Member of Odisha Legislative Assembly
- In office 23 May 2019 – 04 jun 2024
- Preceded by: Debashish Samantaray
- Succeeded by: Sofia Firdous
- Constituency: Barabati-Cuttack

Personal details
- Born: 3 July 1965 (age 61)
- Party: INC
- Spouse: Firdousia Bano
- Parent: Mohamed Nayeem (father)
- Alma mater: Orissa Engineering College, Bhubaneswar
- Profession: Politician

= Mohammed Moquim =

Indian politician (born 1965)

Mohammed Moquim (born 3 July 1965) is an Indian politician expelled from INC. He was a member of the Odisha Legislative Assembly from Barabati-Cuttack. However later the Orissa High Court annulled the election of Congress MLA Mohammed Moquim from the Cuttack-Barabati Assembly constituency. Oweing to multiple fraud cases and some criminal convictions, he was disqualified to content elections in 2024.

== Personal life ==
Moquim is from Lalbag, Cuttack district. His father's name is Mohammed Nayeem. He is married to Firdousia Bano and has 2 daughters namely Sofia Firdous and Nayeema Tazeen.
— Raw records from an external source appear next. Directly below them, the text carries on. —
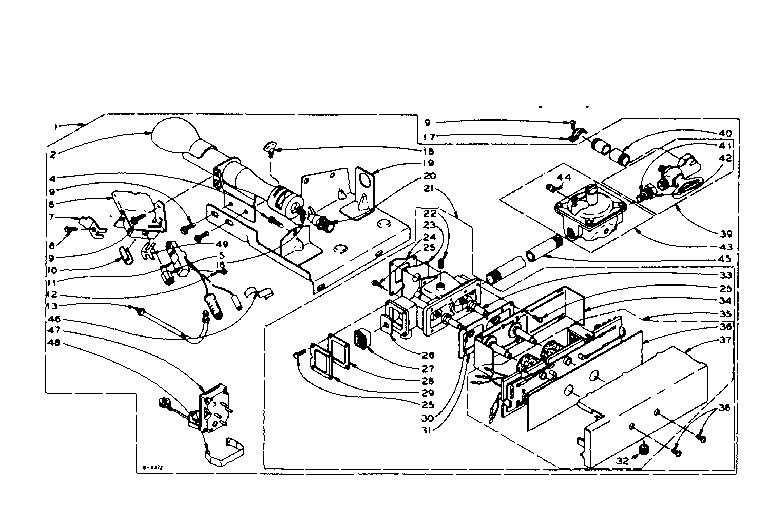Dole burner assembly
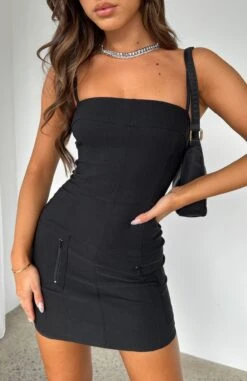 Misunderstood Mini Dress Black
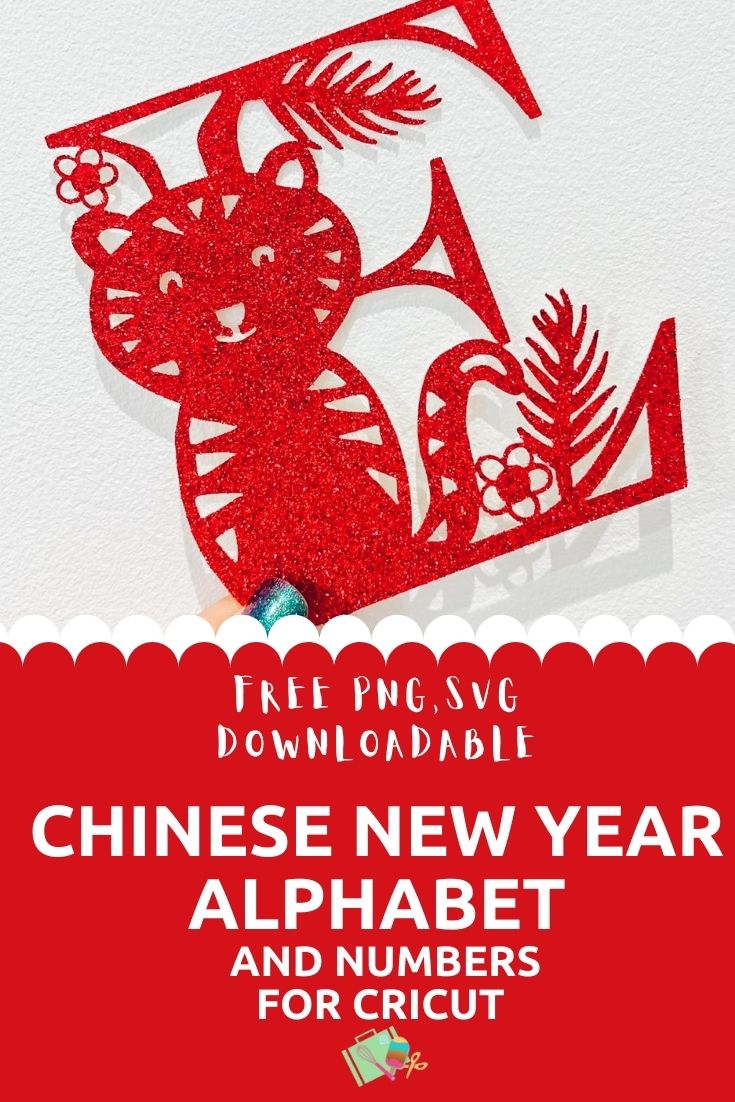 Year Of The Tiger Chinese New Year Alphabet For Cricut, Glowforge and Silhouette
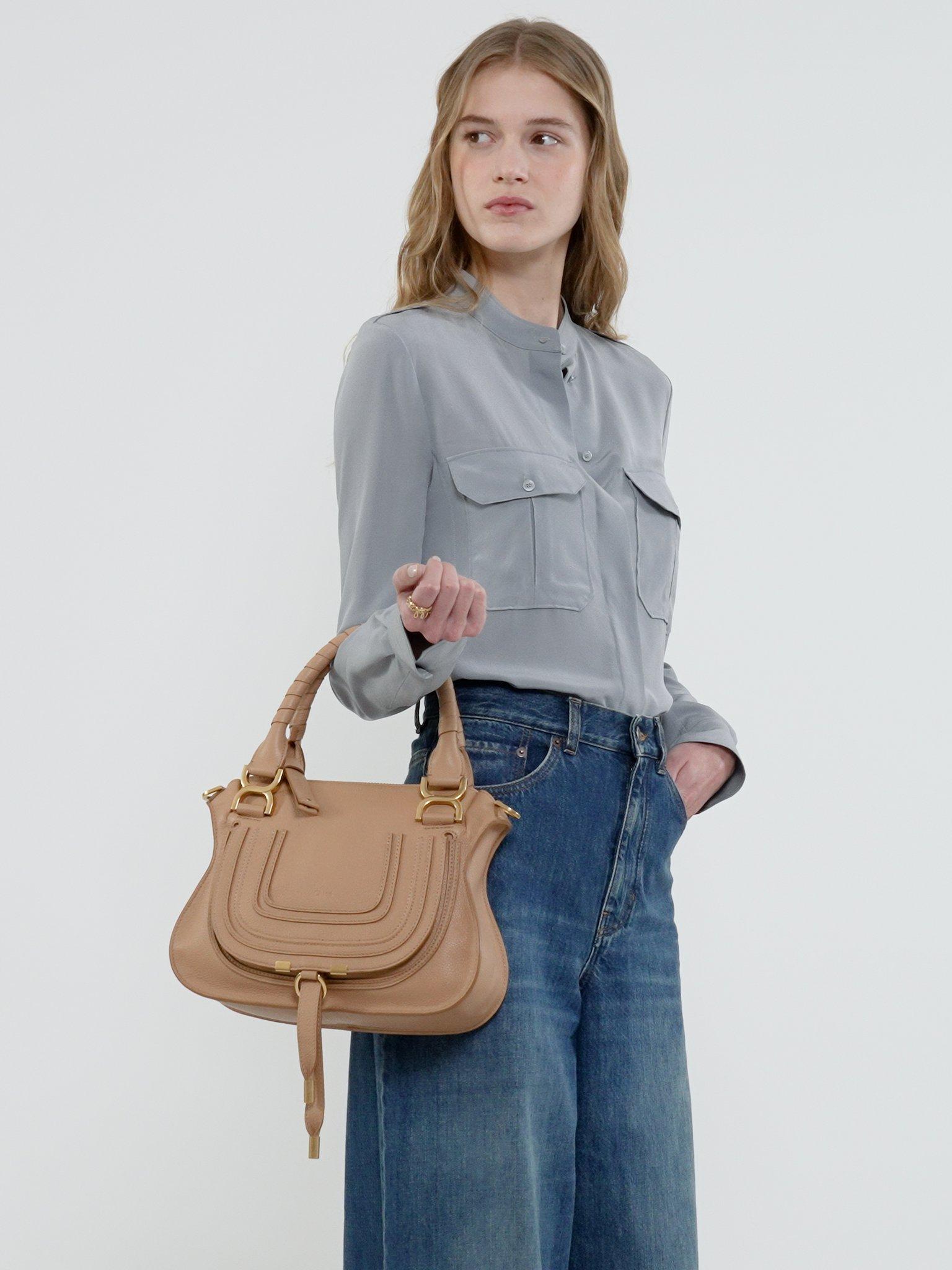 Small Marcie bag in grained leather Product Image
He passed BE From Orissa Engineering College in 1990. He owns Metro Group which is intoConstruction and Real estate business in Odisha.

==Career==
He contested 2019 Odisha Legislative Assembly election from Barabati-Cuttack Vidhan Sabha and won the seat on 23 May 2019.

== Controversies ==
In 2024, Supreme Court of India convicted him in Odisha Rural Housing & Development Corporation loan fraud case and thus making him ineligible to contest in 2024 Odisha Legislative Assembly election.